Despite attempts by Tahoe Resources to prevent the referendum from taking place in 2012 and challenge the results, the Constitutional Court upheld its legitimacy in 2013. This strong opposition in the area has prevented Tahoe from connecting its Escobal mine to the power grid in Mataquescuintla, instead requiring them to rely on costly generators to carry out their mining operations. The company’s failure to disclose this widespread opposition to its shareholders has led to a complaint being filed with the U.S. Securities and Exchange Commission. Read the full complaint here.
After holding a mass, they gathered in the park in a forum to hear from event organizers, Mayor Hugo Loy, and others who have worked over the past four years to uphold the results of the referendum and keep it front and center in a municipal-wide and regional-wide movement to protect land from mining.
One of the awards presented during the forum was to the Guatemalan Center for Legal, Environmental and Social Action (CALAS).
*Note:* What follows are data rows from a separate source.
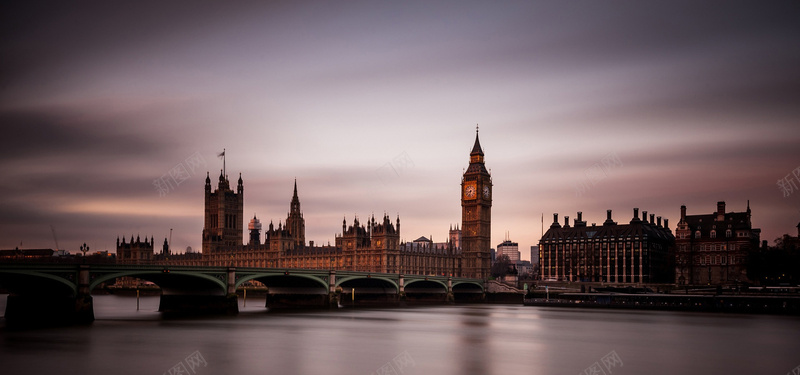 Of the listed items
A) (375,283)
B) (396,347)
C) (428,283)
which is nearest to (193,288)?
(375,283)

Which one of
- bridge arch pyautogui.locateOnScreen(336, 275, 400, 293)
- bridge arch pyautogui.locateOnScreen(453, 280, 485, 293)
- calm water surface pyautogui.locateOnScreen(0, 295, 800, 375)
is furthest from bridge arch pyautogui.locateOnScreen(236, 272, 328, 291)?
bridge arch pyautogui.locateOnScreen(453, 280, 485, 293)

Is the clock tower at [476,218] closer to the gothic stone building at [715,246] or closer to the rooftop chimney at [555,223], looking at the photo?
the rooftop chimney at [555,223]

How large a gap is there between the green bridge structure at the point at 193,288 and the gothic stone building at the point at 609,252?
115 feet

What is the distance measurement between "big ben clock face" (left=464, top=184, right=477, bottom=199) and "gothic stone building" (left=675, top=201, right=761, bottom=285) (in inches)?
1676

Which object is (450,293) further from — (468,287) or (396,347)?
(396,347)

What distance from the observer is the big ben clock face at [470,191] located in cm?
15775

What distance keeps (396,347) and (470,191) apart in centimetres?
11456

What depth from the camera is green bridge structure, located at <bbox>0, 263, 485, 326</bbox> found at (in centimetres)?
5809

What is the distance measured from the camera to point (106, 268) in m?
60.8

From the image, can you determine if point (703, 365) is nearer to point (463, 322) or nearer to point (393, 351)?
point (393, 351)

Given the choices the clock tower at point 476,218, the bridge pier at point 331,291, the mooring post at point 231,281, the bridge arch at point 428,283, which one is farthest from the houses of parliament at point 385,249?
the mooring post at point 231,281

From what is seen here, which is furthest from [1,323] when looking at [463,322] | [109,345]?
[463,322]

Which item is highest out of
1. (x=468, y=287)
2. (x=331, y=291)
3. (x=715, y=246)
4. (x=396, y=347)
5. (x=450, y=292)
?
(x=715, y=246)

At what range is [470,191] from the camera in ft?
520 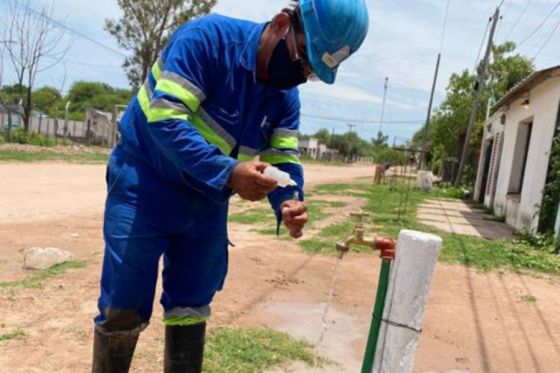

CALAS has played an integral role providing legal support to the communities in resistance to Tahoe Resources and many others opposing the imposition of mining projects across the country. Like many other environmental defenders in Guatemala and around the world, they continue to stand up against powerful actors despite the well-documented risks they face for the work they do. In fact, the day after the anniversary, 22-year-old Jeremy Abraham Barrios Lima, Assistant to the General Director of CALAS, was murdered. As an activist and former student leader, he worked for two years as Director Yuri Melini’s assistant before being shot and killed on November 12. National and international organizations are denouncing this attack against the organization and are calling for an immediate investigation. Read CALAS’ public statement on the killing and respond to Amnesty International’s call for urgent action.
Amnesty International recently released a report in which the international human rights organizations stated that the region of Central America has become one of the most dangerous to be an environmental defender. While the event in Mataquescuintla was centered around a celebration of their ongoing resistance, representatives from other struggles who have faced similar oppression and violence were present to show solidarity in the broader movement to protect land in Guatemala.
Several members from La Puya were present, including Milton Carrera, to express solidarity with those who are also protecting their lands and water supply from transnational mining. “We are here from La Puya, San Jose del Golfo, as a show of solidarity in the struggles against mining in Guatemala. The repercussions of what is felt in certain parts of Guatemala is felt everywhere. I am against mining because of the simple fact that our territory, water is very scarce. We barely have an hour of water every two or three days. There are some communities that get water once a week. This [reality] forced me to become part of this struggle. In our communities, same as here in San Rafael las Flores, the mine is very close to or right in the middle of communities. Sometimes we have had to take a step back for reasons of security, but our struggle will continue until Guatemala returns to the land of eternal spring.”
NISGUA has provided international accompaniment and advocacy support to communities resisting Tahoe Resources’ Escobal mine for the last 5 years.